ASSIGNED TASK:
Set down the entries exactly as they appear, apart from the images, which stay out.

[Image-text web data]
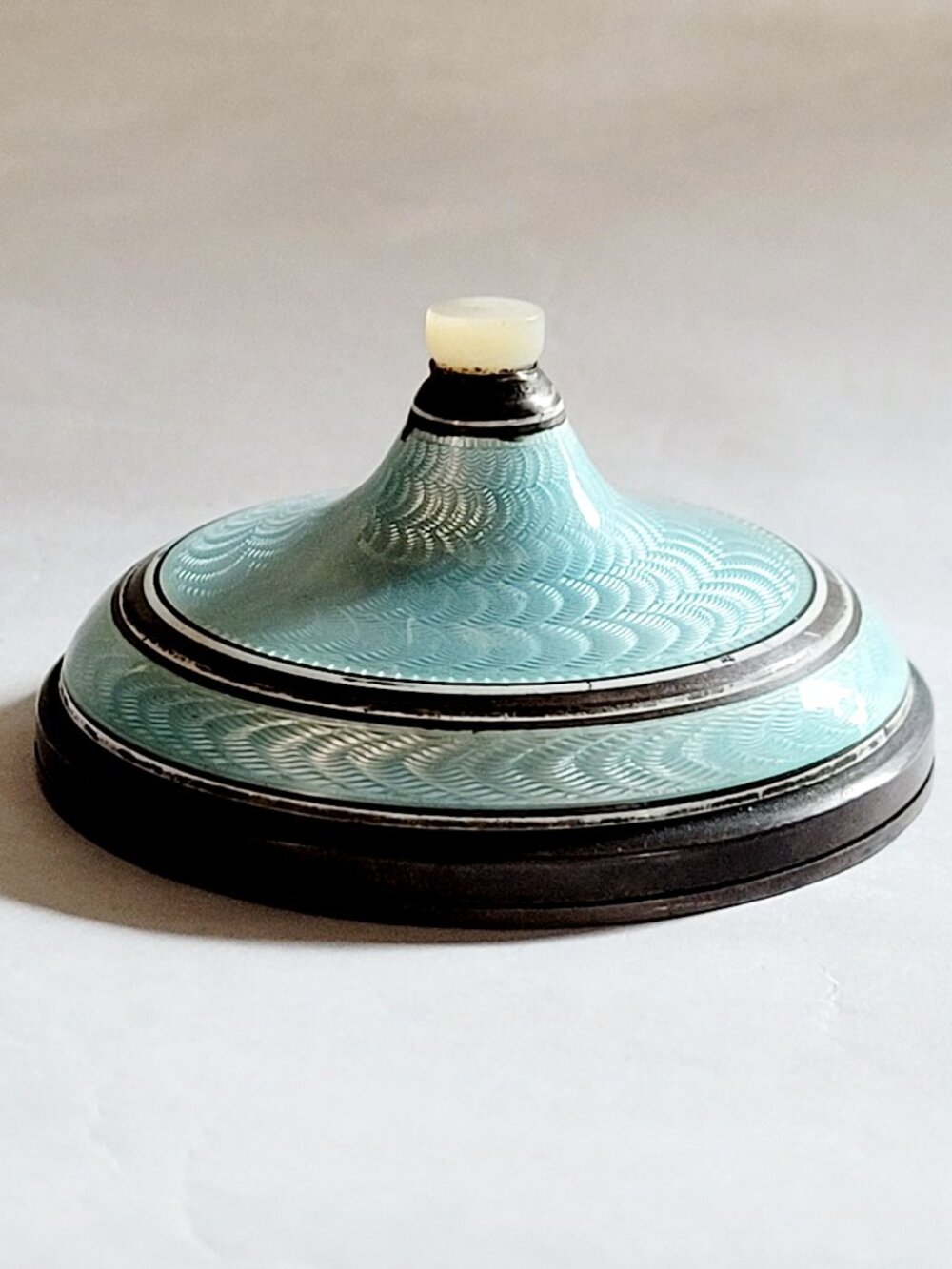 Antique Guilloche Enamel Electric Bell Pus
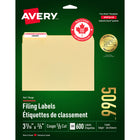 Avery – Étiquettes de classement TrueBlock pour imprimantes laser/jet d'encre, 3 7/16 po x 2/3 po, barre rouge, paq./600, 5066-Étiquettes de chemises de classement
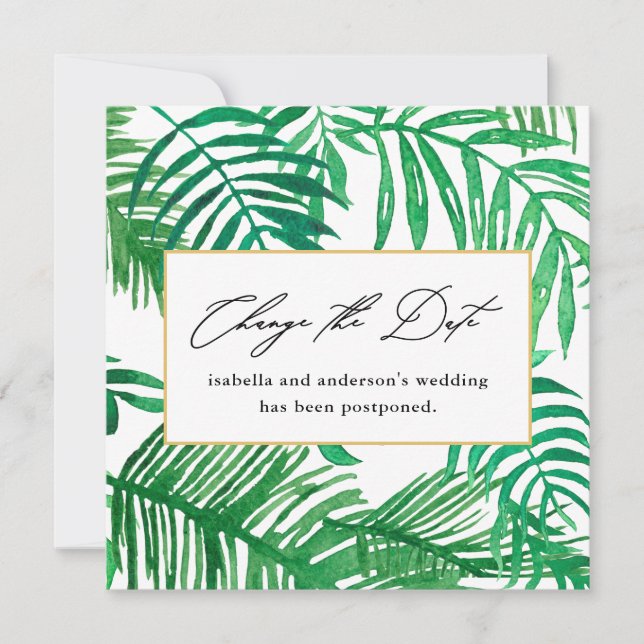 Tropische Palm Datum Wijzigen Uitstel Huwelijk (Voorkant)
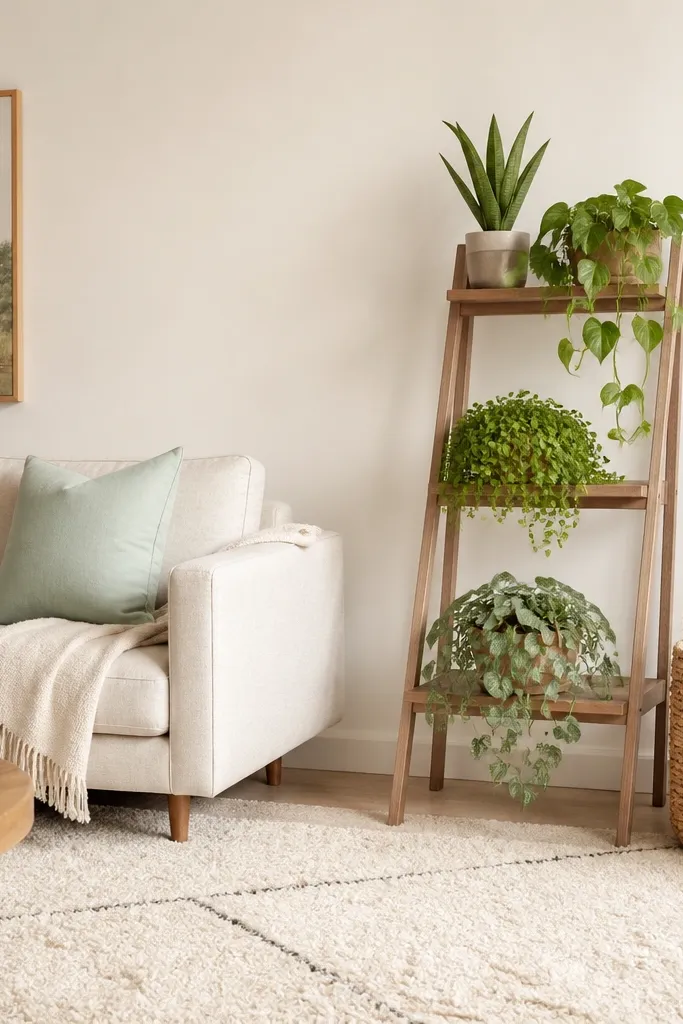 A living room with a thick cream rug and a simple sofa. A three-tier plant stand leans slightly against the wall, holding mint-green trailing plants and one upright plant. The wall is warm white, with a woven basket on the floor. A pastel mint cushion matches the plant vibe.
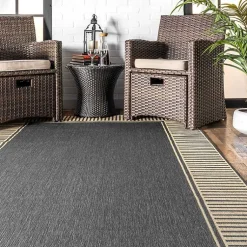 Kirklands Home Outdoor Rugs|Asia Gray Stripe Border Outdoor Rug, 8x10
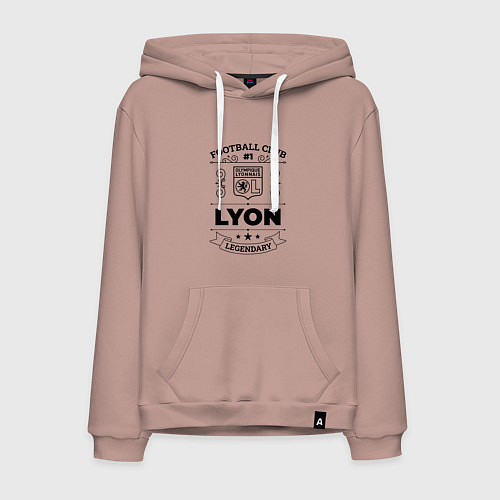 Мужская толстовка-худи Lyon: Football Club Number 1 Legendary / Пыльно-розовый – фото 1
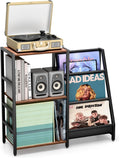 Record Player Stand with Vinyl Storage - 3-Tier Turntable Table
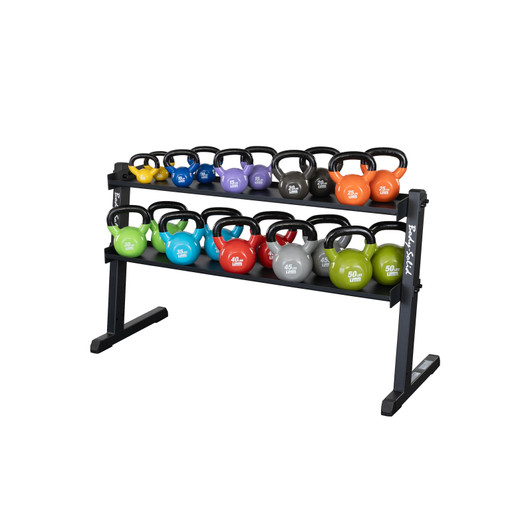 Body-Solid 60" Heavy Duty Kettlebell Rack with BodySolid KBV Kettlebells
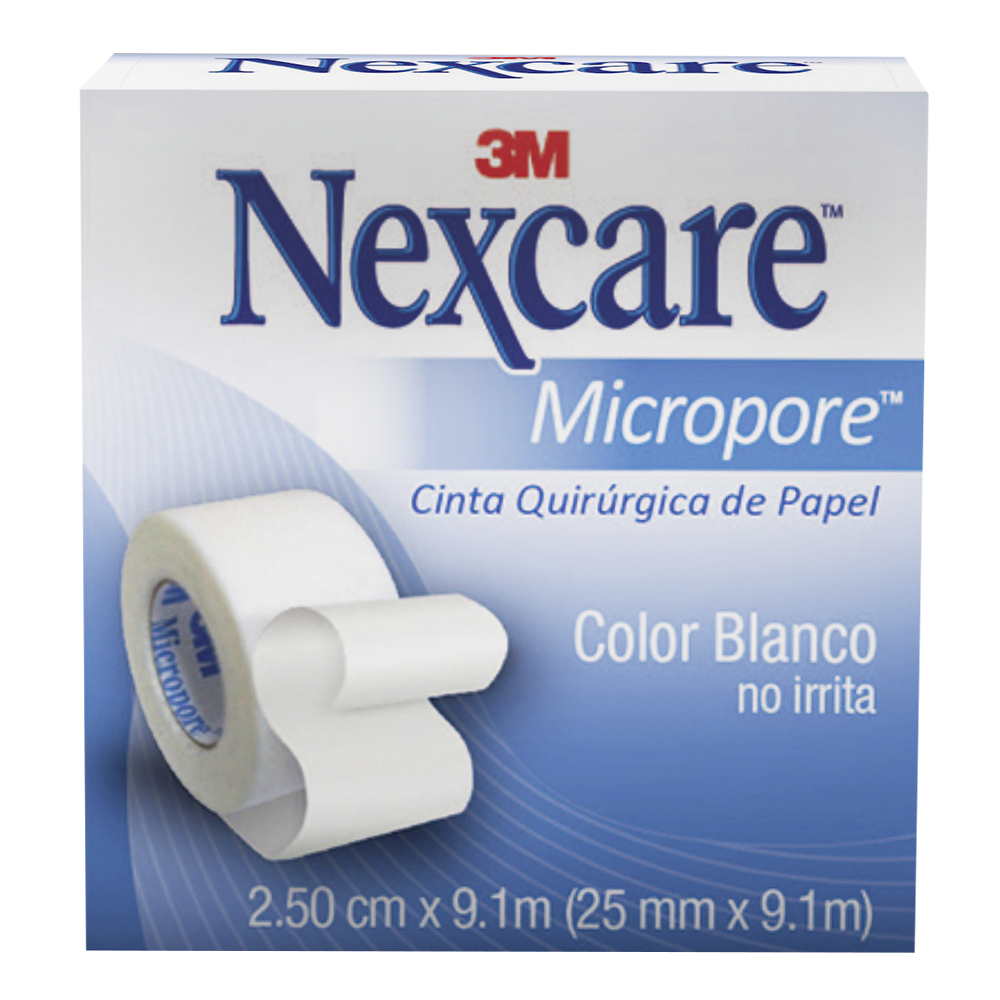 Cinta Micropore Nexacre, Blanca, 25 mm x 9.1 m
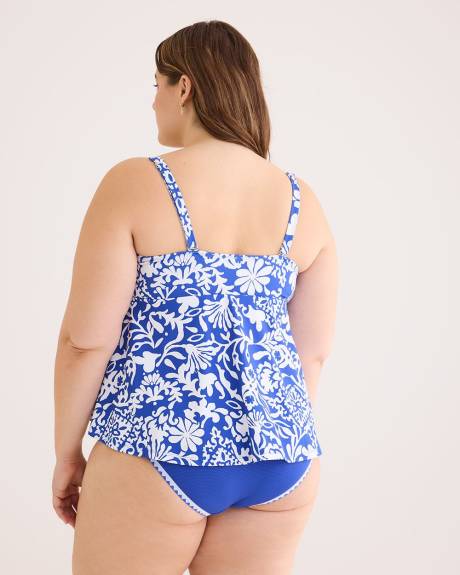 Printed Blue High-Low Swing Tankini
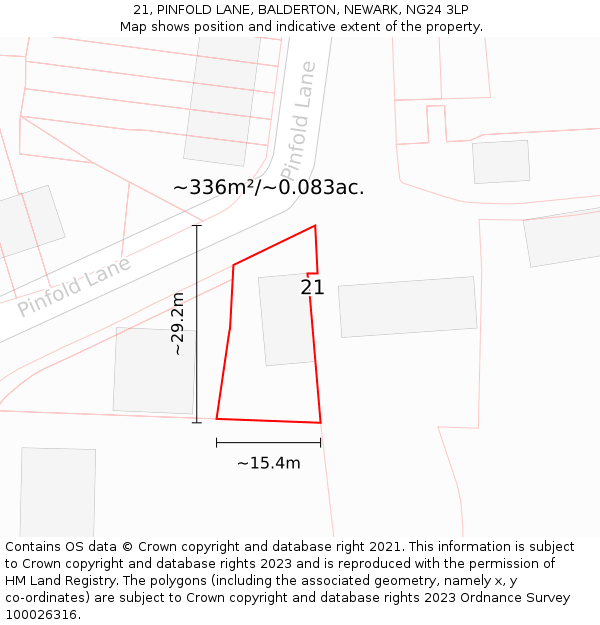 21, PINFOLD LANE, BALDERTON, NEWARK, NG24 3LP: Plot and title map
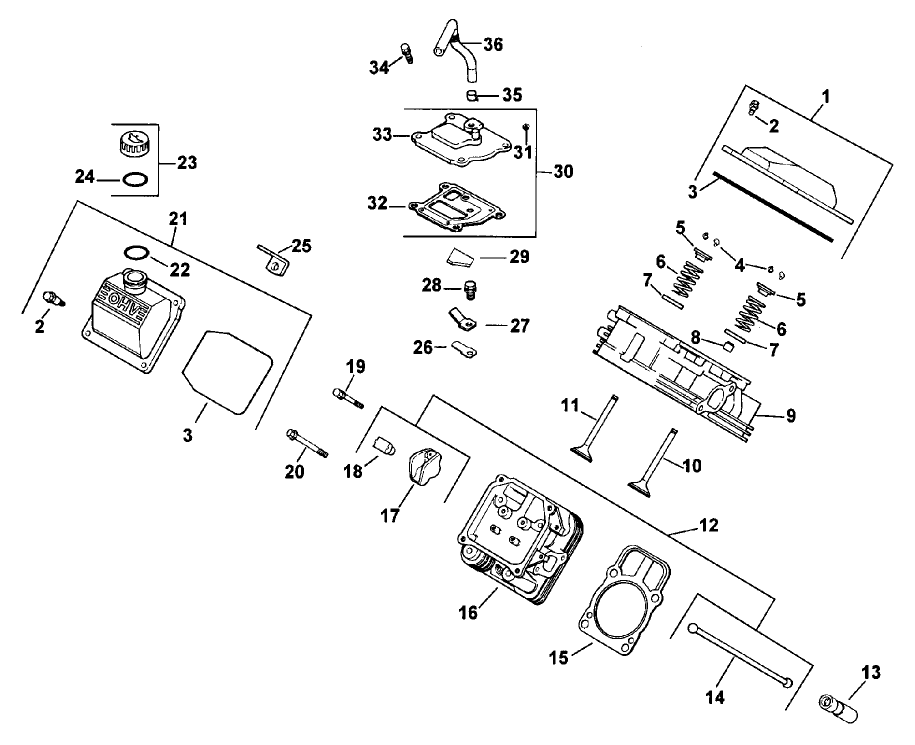 Head/Valve/Breather Diagram and Parts List for 74182 (890001-890183)(1998) Toro Lawn Tractor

SOLUTION:
 Antique Guilloche Enamel Electric Bell Pus
 Avery – Étiquettes de classement TrueBlock pour imprimantes laser/jet d'encre, 3 7/16 po x 2/3 po, barre rouge, paq./600, 5066-Étiquettes de chemises de classement
 Tropische Palm Datum Wijzigen Uitstel Huwelijk (Voorkant)
 A living room with a thick cream rug and a simple sofa. A three-tier plant stand leans slightly against the wall, holding mint-green trailing plants and one upright plant. The wall is warm white, with a woven basket on the floor. A pastel mint cushion matches the plant vibe.
 Kirklands Home Outdoor Rugs|Asia Gray Stripe Border Outdoor Rug, 8x10
 Мужская толстовка-худи Lyon: Football Club Number 1 Legendary / Пыльно-розовый – фото 1
 Record Player Stand with Vinyl Storage - 3-Tier Turntable Table
 Body-Solid 60" Heavy Duty Kettlebell Rack with BodySolid KBV Kettlebells
 Cinta Micropore Nexacre, Blanca, 25 mm x 9.1 m
 Printed Blue High-Low Swing Tankini
 21, PINFOLD LANE, BALDERTON, NEWARK, NG24 3LP: Plot and title map
 Head/Valve/Breather Diagram and Parts List for 74182 (890001-890183)(1998) Toro Lawn Tractor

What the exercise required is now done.